## About this exercise
What's needed is an exact copy of the lines from the one that contains "- Marque inconnue - Bottes>Bottes équitation" to the end of the data below, leaving the pictures out.

━━━━━━━━━━━━━━━━━━━━━━━━━━━━━━

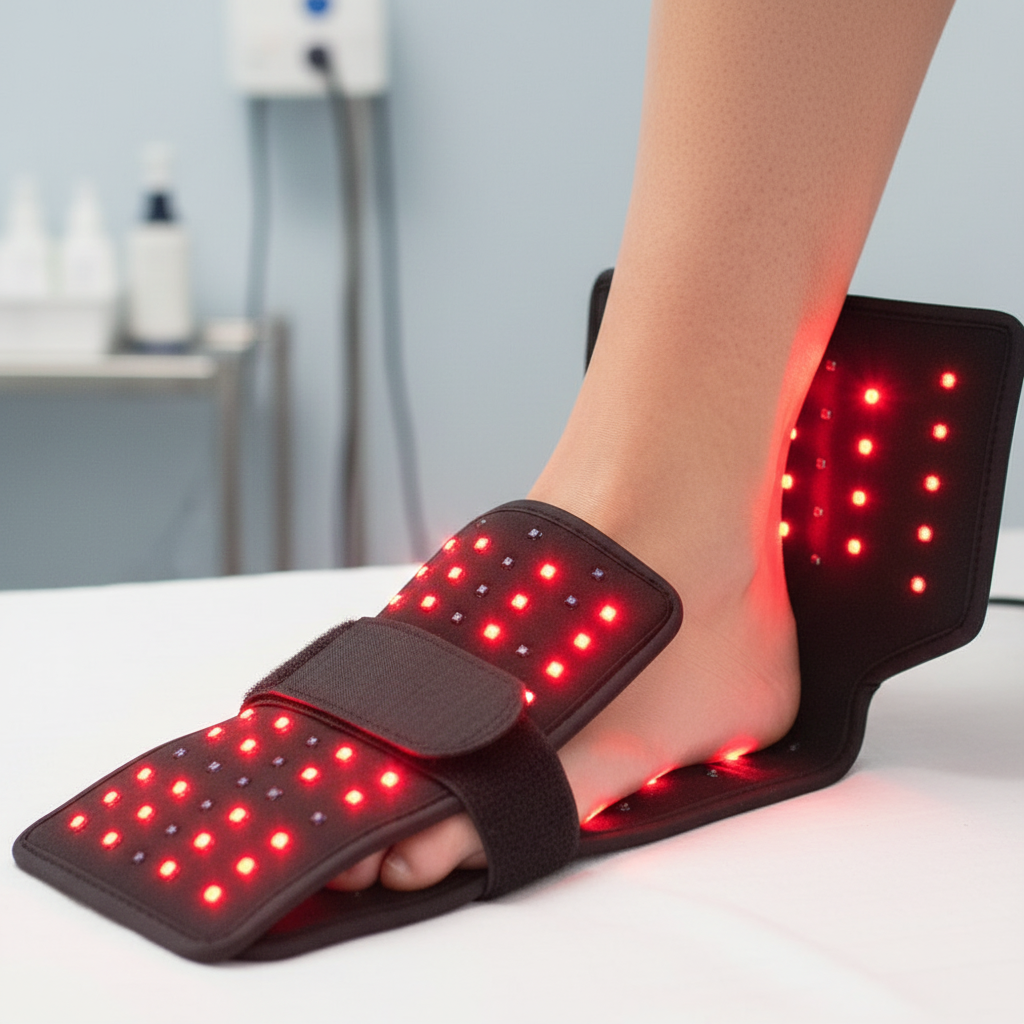 Foot & Ankle Pad
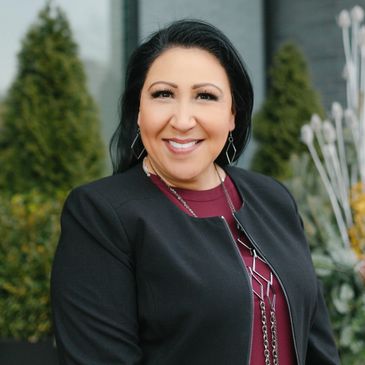 Corrina Clow, REALTOR®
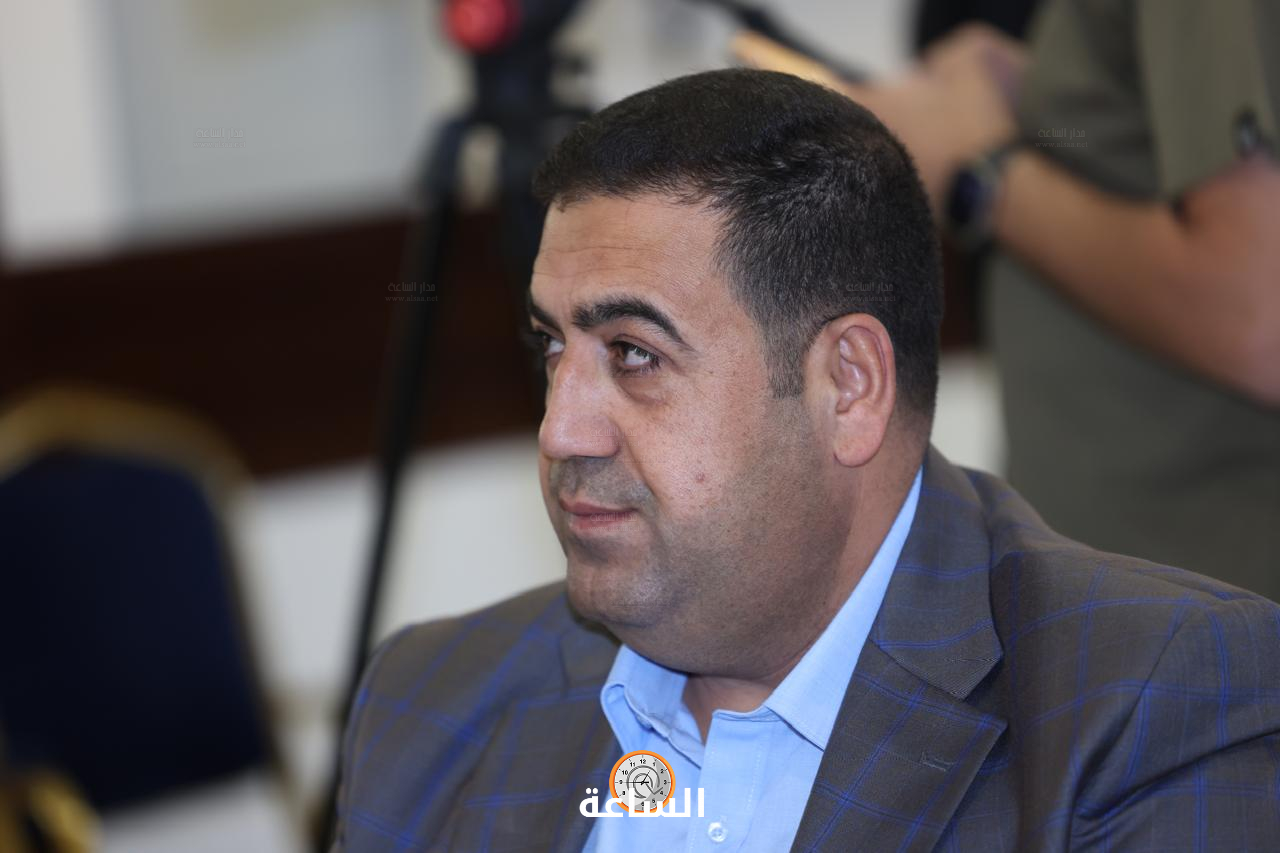 Madar Al-Saa Images 0.3571516173517756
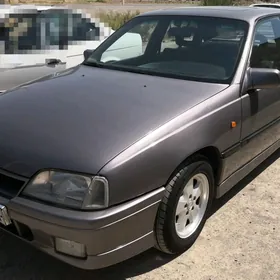 Opel Omega 1989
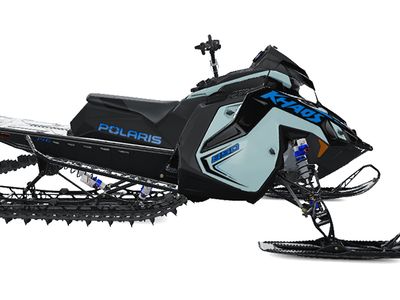 2026 Polaris 850 RMK Khaos 146 SC - Photo 3
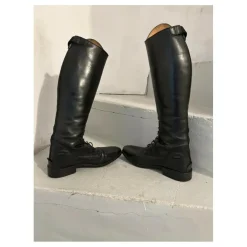 - Marque inconnue - Bottes>Bottes équitation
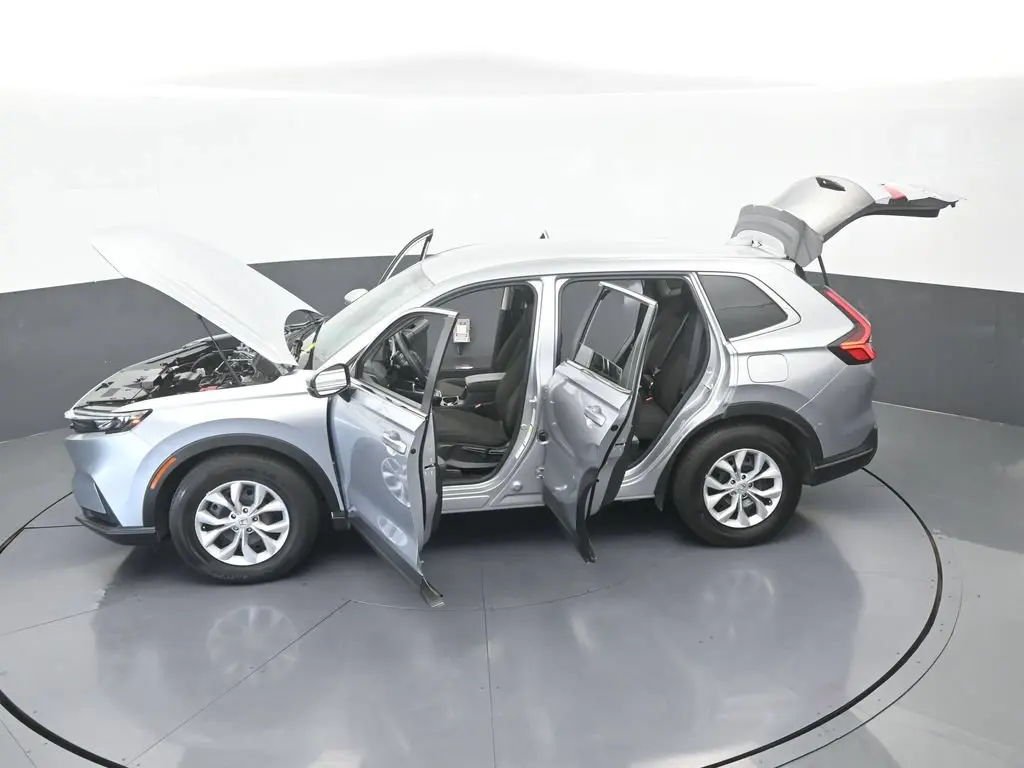 2026 Honda CR-V - $26,697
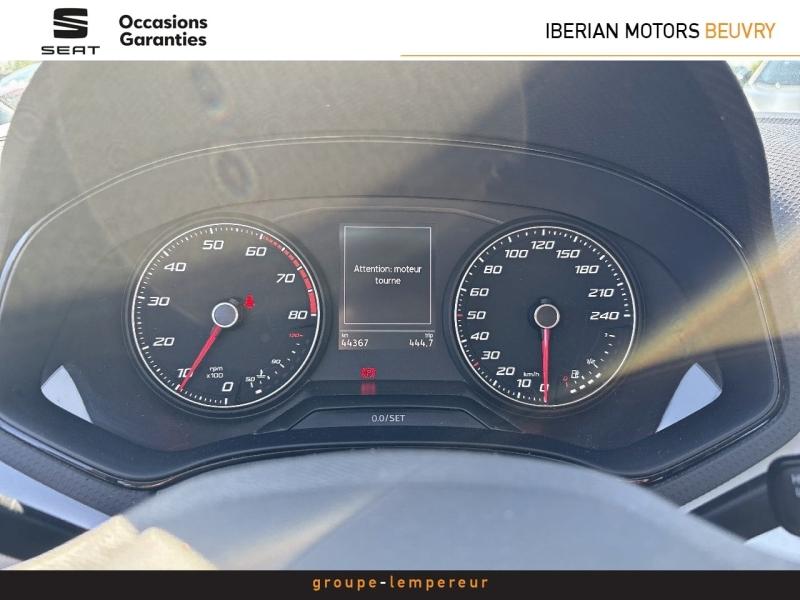 Image SEAT Ibiza 1.0 TSI 95ch Copa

━━━━━━━━━━━━━━━━━━━━━━━━━━━━━━

## Your solution
 - Marque inconnue - Bottes>Bottes équitation
 2026 Honda CR-V - $26,697
 Image SEAT Ibiza 1.0 TSI 95ch Copa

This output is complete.